Tulisan Terbaru

Ketika Manusia Bukan Lagi Manusia

Miris sekali membaca berita akhir-akhir ini. Banyak kejahatan sadis yang terjadi dengan tersangka yang bukan hanya orang dewasa namun juga anak-anak! Ironis melihat anak-anak itu mampu berubah menjadi pribadi yang begitu kejam. Apalagi hanya karena cinta.
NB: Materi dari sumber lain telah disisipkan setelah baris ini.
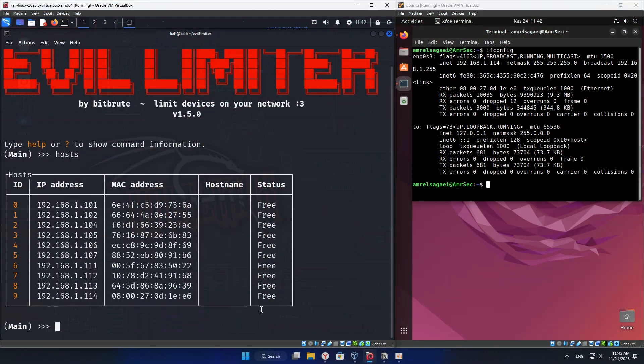EVIL LIMITER. Ever heard about it? EVIL LIMITER is like having the keys of the digital kingdom. Imagine being able to selectively cut off the internet connection from a specific device on the network, limit its connection, or even block it. This is crazy, right? This is Emersick. Go get your coffee ready and let's dive in.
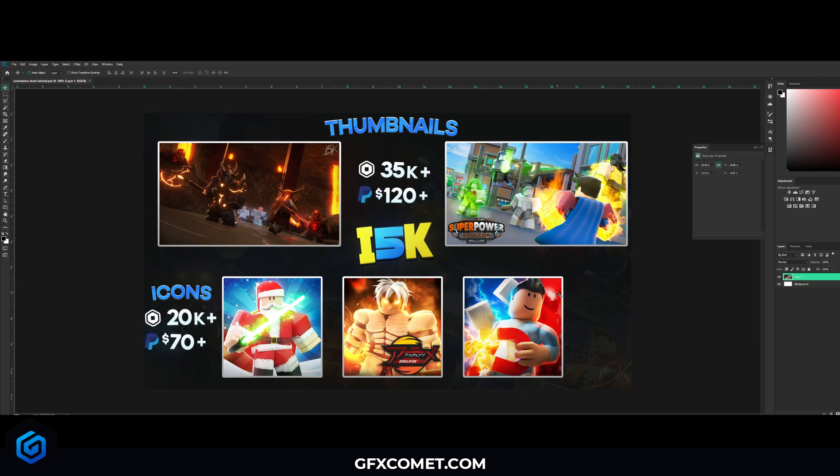Welcome back to a brand new video on the channel. Today I want to show you guys how to design a commission sheet for your commissions. Here's an example—this is i5k's commission sheet. We have done this video before, but that was over a year ago, so this is a new one.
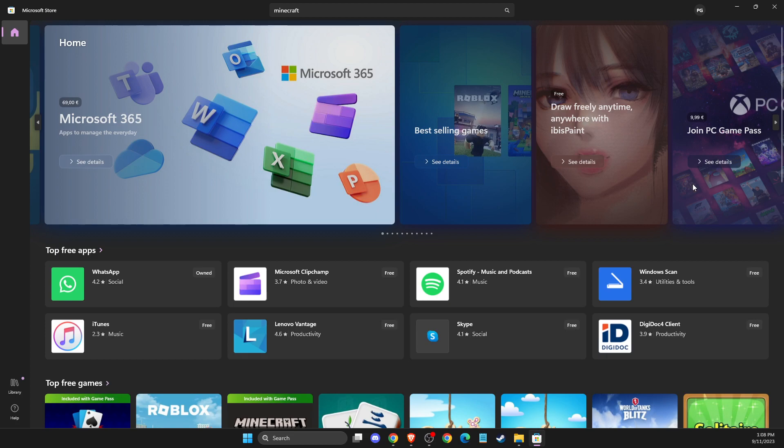Hey guys, in this video I will show you how you can download Minecraft Launcher for free from Windows Store.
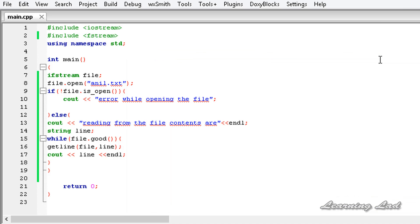This is how you can read a line from a file in C++. Thank you for watching, and don't forget to subscribe. I'll see you in the next tutorial.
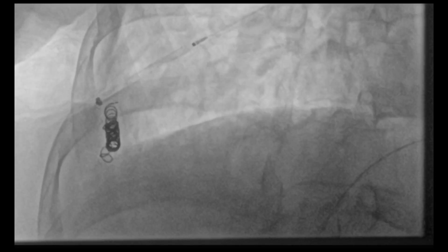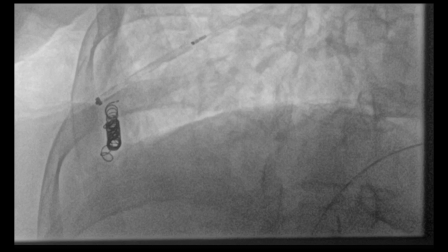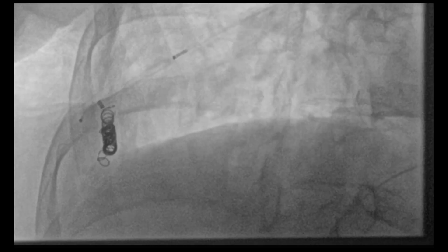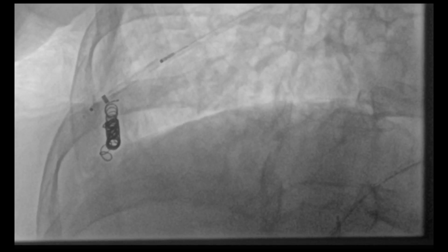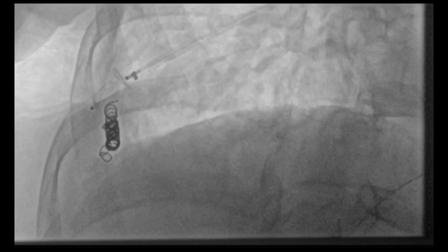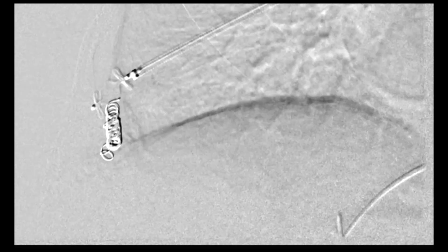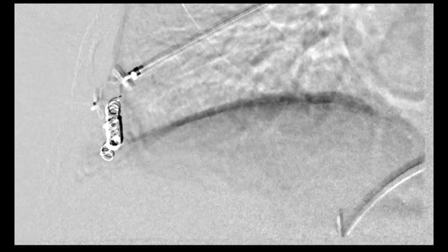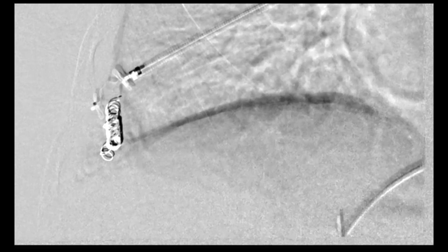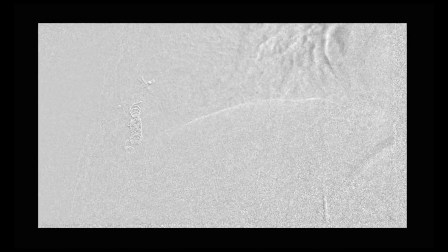The feeding branch roughly measured around 6 mm. We decided to use an 8 mm Amplatzer plug, which was brought through the sheath into this feeding branch of the pulmonary AVM. The sheath was retracted back and the implant plug was then deployed into this larger branch. A repeat angiogram was then performed with the plug in place. A completion angiogram was then performed showing successful exclusion of this pulmonary arteriovenous malformation.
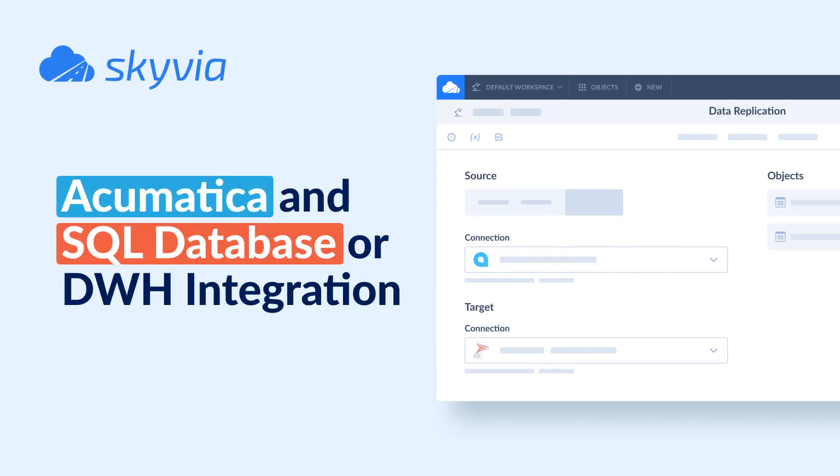Welcome to Skyvia Tutorials. In this video, we'll show you how to integrate Acumatica with SQL Server.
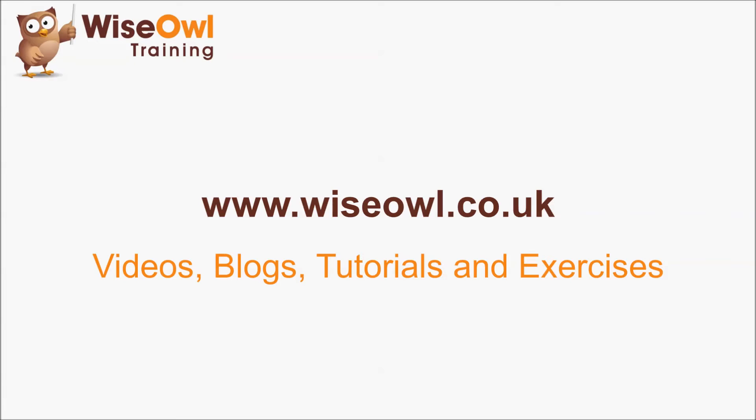If you like what you've seen and heard so far, why not head over to the Wise Owl website, where you can find loads more free resources, including these videos, some written blogs and tutorials, and even some exercises that you can download to practice your skills. Thanks for watching, and see you next time.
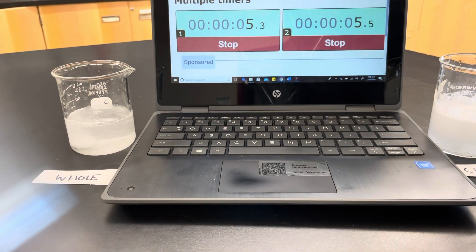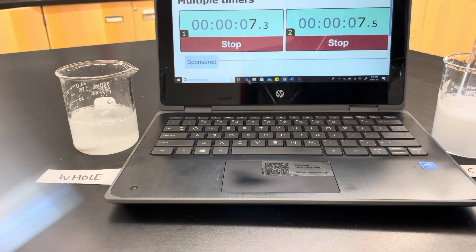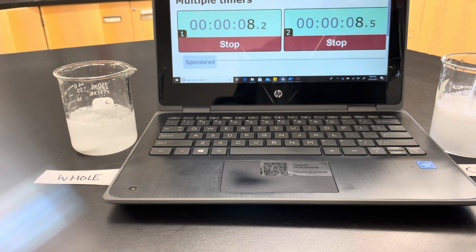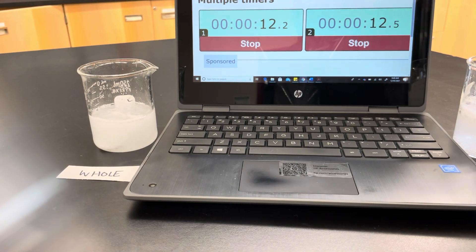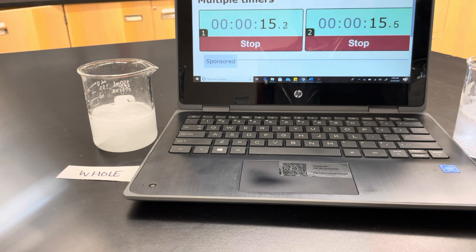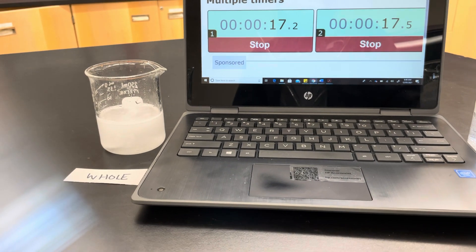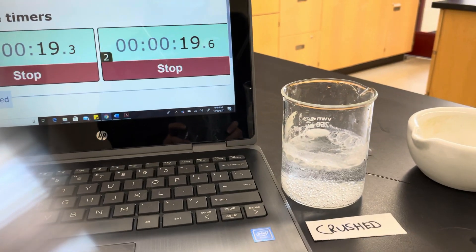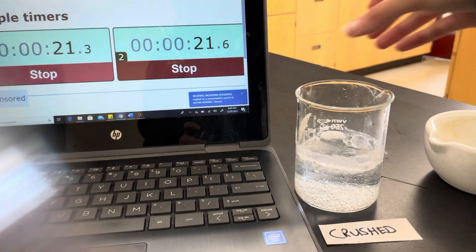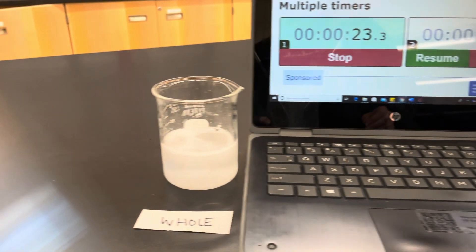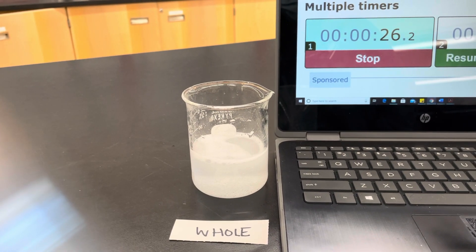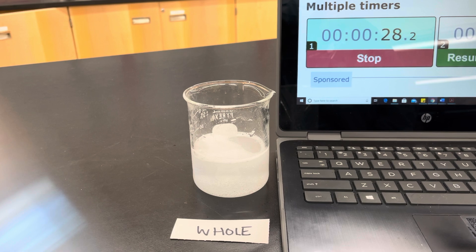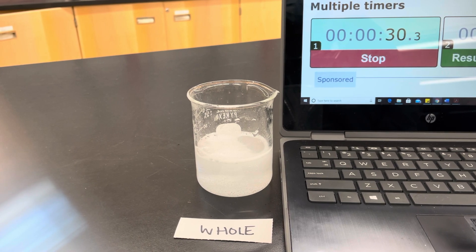We need to give this one a little bit of a swish just to make sure, because the one on the left is completely submerged, so we need to make sure the one on the right — all the little itty-bitty particles — get submerged as well. You can see the one that was crushed has already disappeared, so we'll watch and see how long it takes for the whole one to finish up. It's actually going pretty quickly.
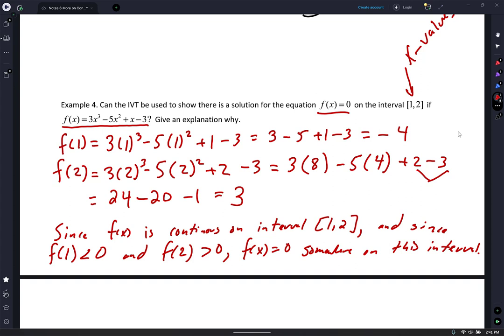How did we know it's continuous? Well, it's a polynomial. As soon as I tell you it's a polynomial, it's always going to be continuous.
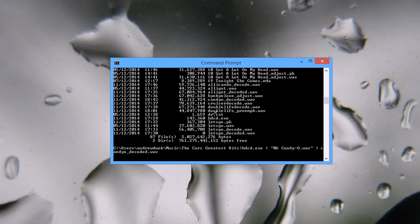Now the interesting thing is the file which has not been decoded, the one you ripped from the HDCD, is a 16-bit WAV file because that's what music is stored as on CDs. But the decoded file is a 24-bit WAV file, so it'll take up a little bit more space.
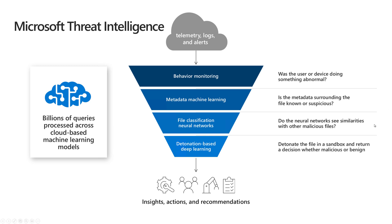The second thing it does is it's going to take that file and detonate it in a sandbox as if an end user were actually executing it, and then it's going to use the learnings from that, in addition to the answers to these questions, to then develop its insights, actions, and recommendations on how to best remediate that piece of malware.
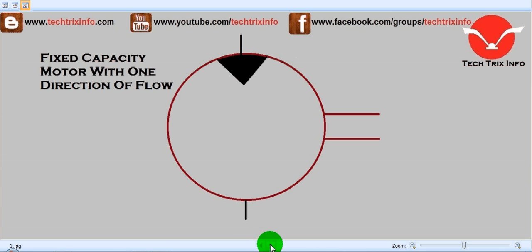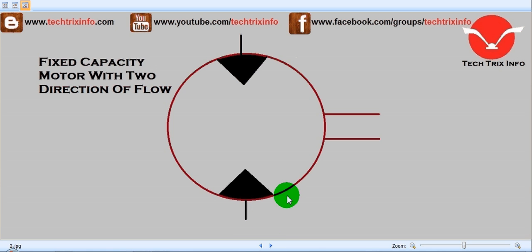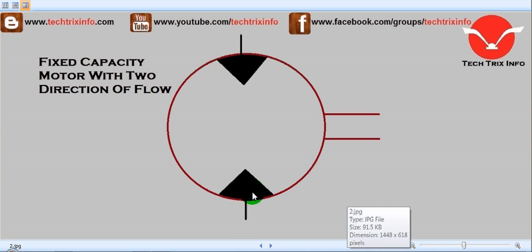Next, this symbol has two arrows directing towards the center, so this is a motor with two directions of flow and it is a fixed capacity type. This is a fixed capacity motor with two directions of flow. If you see this symbol in a hydraulic circuit, you can identify it as a fixed capacity motor with two directions of flow.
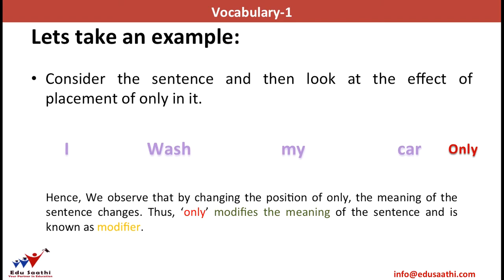If I placed 'only' before 'I,' it meant that just I wash the car, which might be owned by many people. But if I say 'I wash my only car,' this means I just have one car and that is what I wash. So the position of the word 'only' modifies the meaning of the sentence — thus 'only' acts as the modifier.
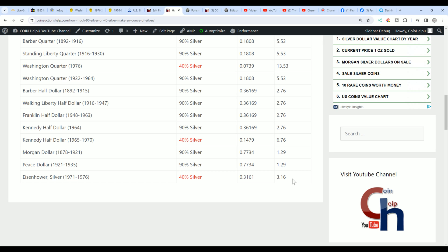So when you go and buy an Eisenhower dollar at 40% and you figure how much you're going to pay for it, okay, so if you're going to buy three of them, which is a little under troy ounce, a little under an ounce of silver, and you pay $12, you're paying $36 for an ounce of silver. It'll help you find the best deal by using this formula. If you can get it for $10, you're paying $30.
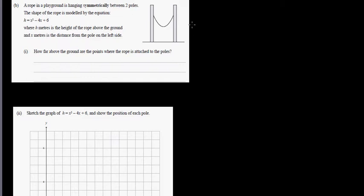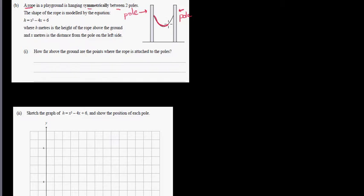In this video, I want to go over one 2012 NCA exam paper on tables, equations and graph. So let's read the question. A rope in a playground is hanging symmetrically between two poles. So these are the two poles — this is pole one and this is pole two. And this is a rope that is hanging between the poles.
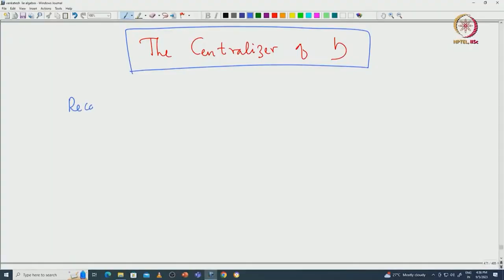Welcome back everyone. In this lecture we will continue with the structure theory of semisimple algebras. I will first recap what we have done so far. We have proved that there are toral subalgebras of a given semisimple algebra, and then we fixed one maximal toral subalgebra which we denoted by H.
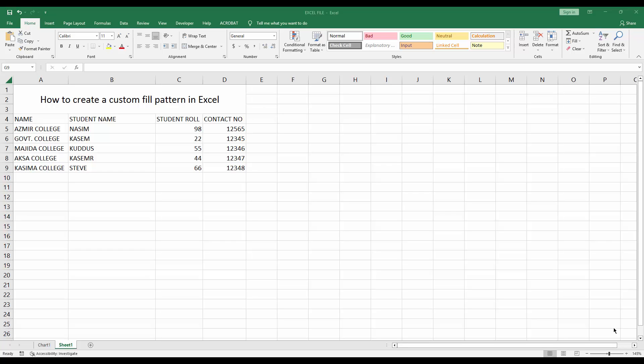Hello friends, welcome back to my another video. In this video I'm going to show you how to create a custom fill pattern in Excel. Let's get started. First, you have to open your Microsoft Excel software, then open your Excel spreadsheet. You can see my sheet here. Now I'll create a custom fill pattern.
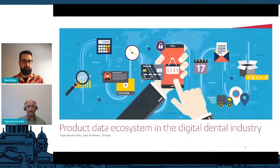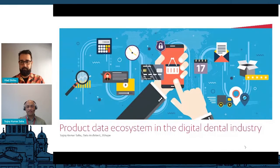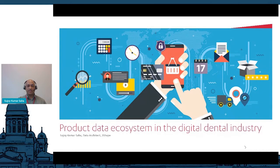The next talk is Sujoy Kumar Saha, and he is going to talk about product data ecosystems in the digital dental industry. My name is Sujoy Kumar Saha. I'm working as a data architect at 3Shape, and the topic of this presentation is the product data ecosystem in the digital dental industry.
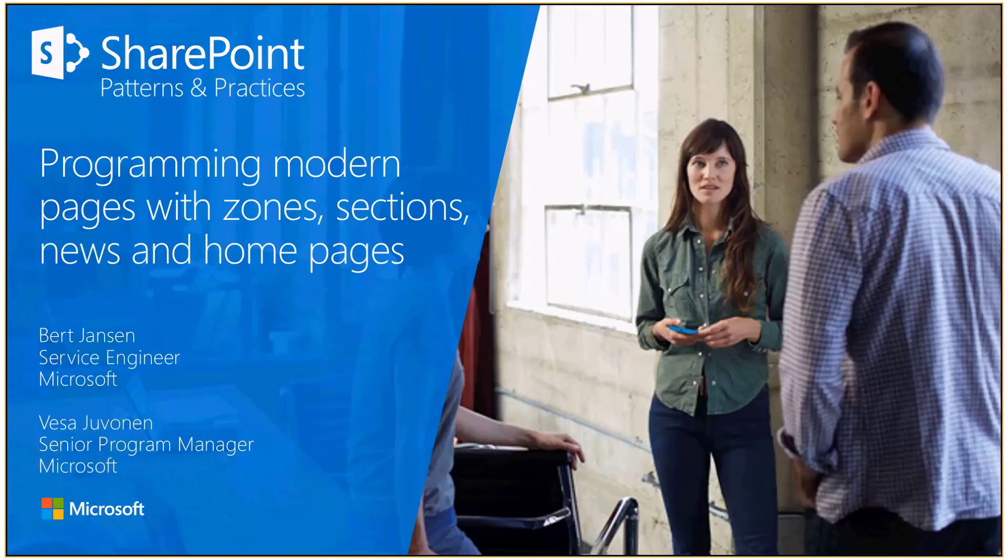Hello, everyone. Welcome to this PNP webcast. Our topic of the day is programming modern pages with some of the new features of modern pages being added recently.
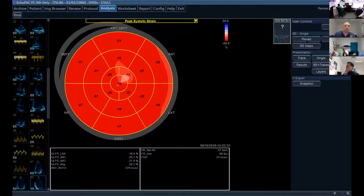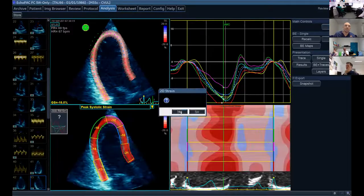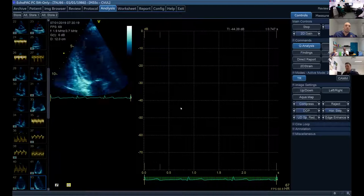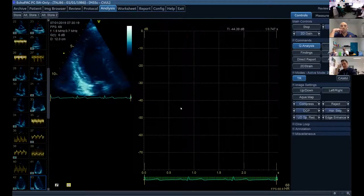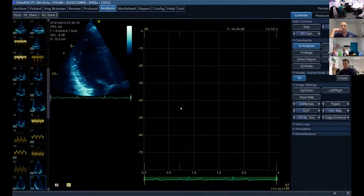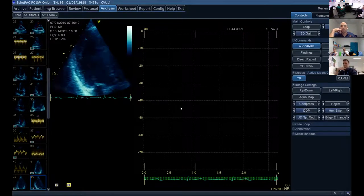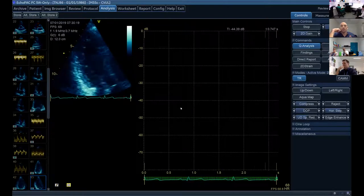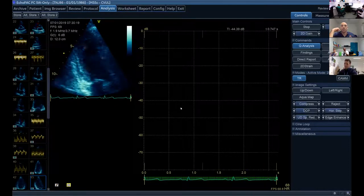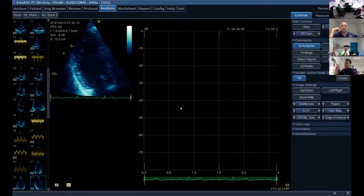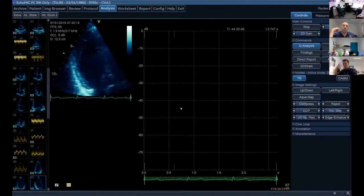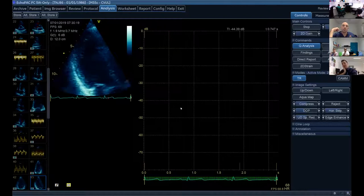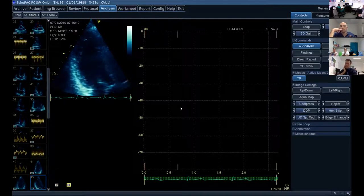With a global longitudinal strain of minus 20% and all segments appearing red, this is a normal study. For the exams, you need to understand how speckle tracking is done, what it is, how you get it, and what other values are expected: strain, strain rate, twist, and torsion. Know the limitations — you need decent image quality, you must optimize your image, ensure tracking is good, and ideally repeat values three times to confirm consistency.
Cinta yang dihadirkan Tuhan kepada hati manusia agar kita saling menyayangi justru menjadi alasan kekejaman. Tidak,,  jelas bukan itu tujuan Tuhan menurunkan rasa cinta pada hati manusia. Tapi orang-orang yang tidak berfikir itu justru menjadikan cinta sebagai alasan untuk merusak.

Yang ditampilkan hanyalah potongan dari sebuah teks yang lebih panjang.